Neuer Bericht: Patente auf Pflanzen und Tiere - Jetzt müssen Europas PolitikerInnen handeln!

Das Europäische Patentamt (EPA) bewilligt Hunderte von Patenten auf Pflanzen und Tieren. Besonders heikel: Auch konventionelle Züchtungen werden patentiert. Was bedeutet das konkret? Welche rechtlichen Grundlagen gibt es und wie wirken sie sich auf die aktuelle Praxis aus? Der neueste Bericht der NGO-Koalition «No Patents on Seeds» liefert Fallstudien und schafft einen Überblick.

„Jetzt müssen Europas PolitikerInnen handeln“ lautet der Titel des neuesten Berichts der NGO-Koalition No Patents on Seeds. Für den Appell gibt es einen guten Grund: Wie der Report zeigt, ist die aktuelle Praxis des Europäischen Patentamts (EPA) äusserst widersprüchlich. So hat das EPA bereits 2400 Patente auf Pflanzen und 1400 Patente auf Tiere er­teilt. Davon betreffen rund 120 Patente die konventionelle Züchtung. Und das ist erst der Anfang: Rund 1000 weitere Anträge der gleichen Kategorie wurden bereits eingereicht. Die Entwicklung ist problematisch, denn die Reichweite vieler dieser Patente ist umfangreich und erstreckt sich oft auf die gesamte Kette der Lebensmittelerzeugung, vom Acker bis zum Verbraucher. Ein Missbrauch des Patentrechts, der darauf abzielt, die Kontrolle über die Grundlagen unserer Ernährung zu erlangen.  

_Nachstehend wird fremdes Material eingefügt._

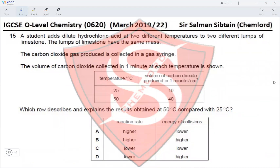Question 15. A student adds dilute hydrochloric acid at two different temperatures to two lumps of limestone of equal mass. CO2 gas is collected in a gas syringe. At 25°C, 10 cm³ is collected in one minute; at 50°C, 40 cm³ is collected. The reaction rate is higher at the higher temperature, eliminating options C and D. Since temperature increases the energy of collisions, option A is eliminated, making option B the correct option.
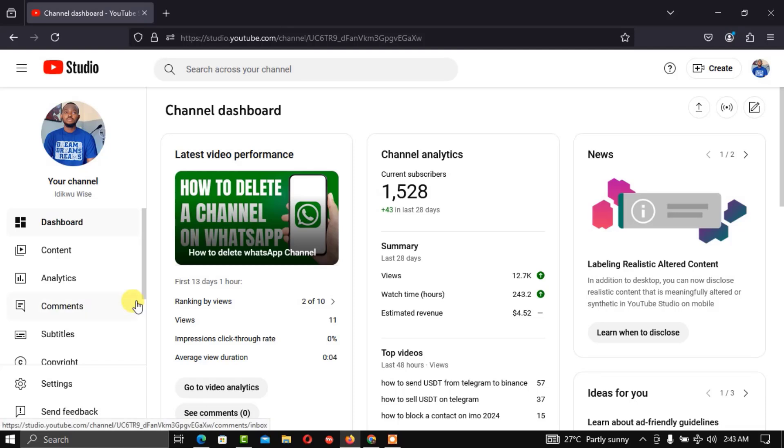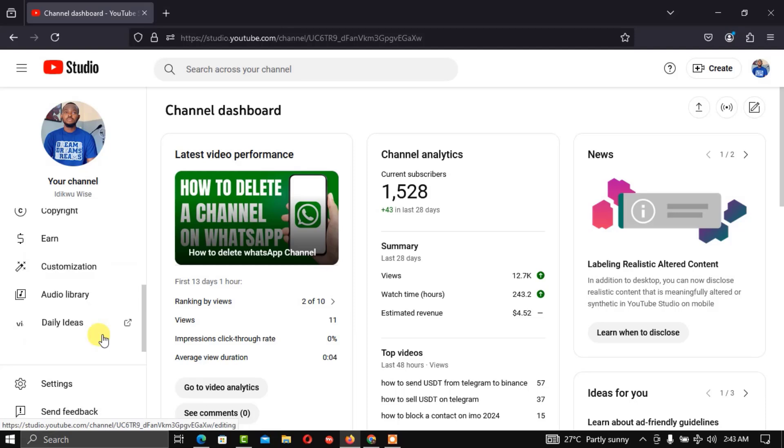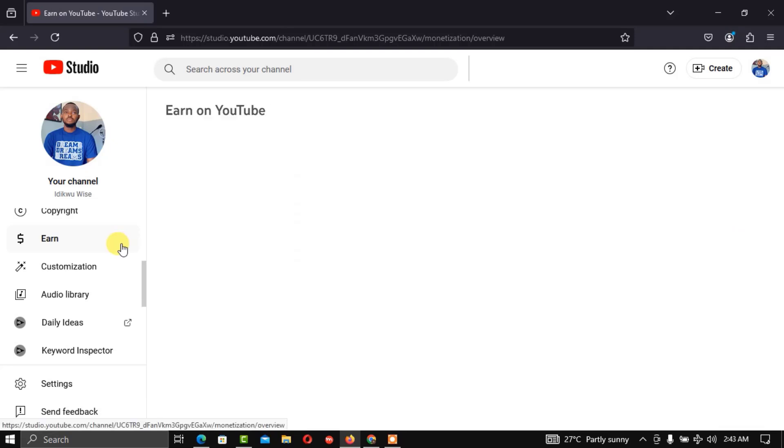Once your dashboard is loaded, proceed to Earn and click on it.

Die internationale NGO-Koalition No Patents on Seeds, welcher die Erklärung von Bern (EvB) ebenfalls angehört, kämpft gegen diese Entwicklung. Dazu gehört es unter anderem, die aktuelle Praxis sichtbar zu machen. Entsprechend werden im Bericht verschiedene Fälle von im Jahr 2013 erteilten Patenten vorgestellt: Diese be­treffen Pflanzen, die nicht „erfunden“ wurden, sondern die von wilden Sorten abstammen. Zum Beispiel eine Paprika, die von wilden Sorten aus Jamaika abstammt, Tomaten, die in einer inter­nationalen Genbank in Deutschland gelagert wurden, Melonen, die ursprünglich aus Indien stammen oder die Auswahl von wilden Verwandten der Sojabohne, die in Asien und Australien beheimatet sind.  

Die Analyse dieser Fälle ist aufschlussreich. Sie zeigt, dass diese Verbote im europäischen Patentrecht, die Pflanzensorten und Tierarten betreffen sowie im Wesentlichen biologische Verfahren zur (konventionellen) Züchtung von Pflanzen und Tieren in den letzten Jah­ren durch die Entscheidungen des EPA systematisch ausgehöhlt wurden.  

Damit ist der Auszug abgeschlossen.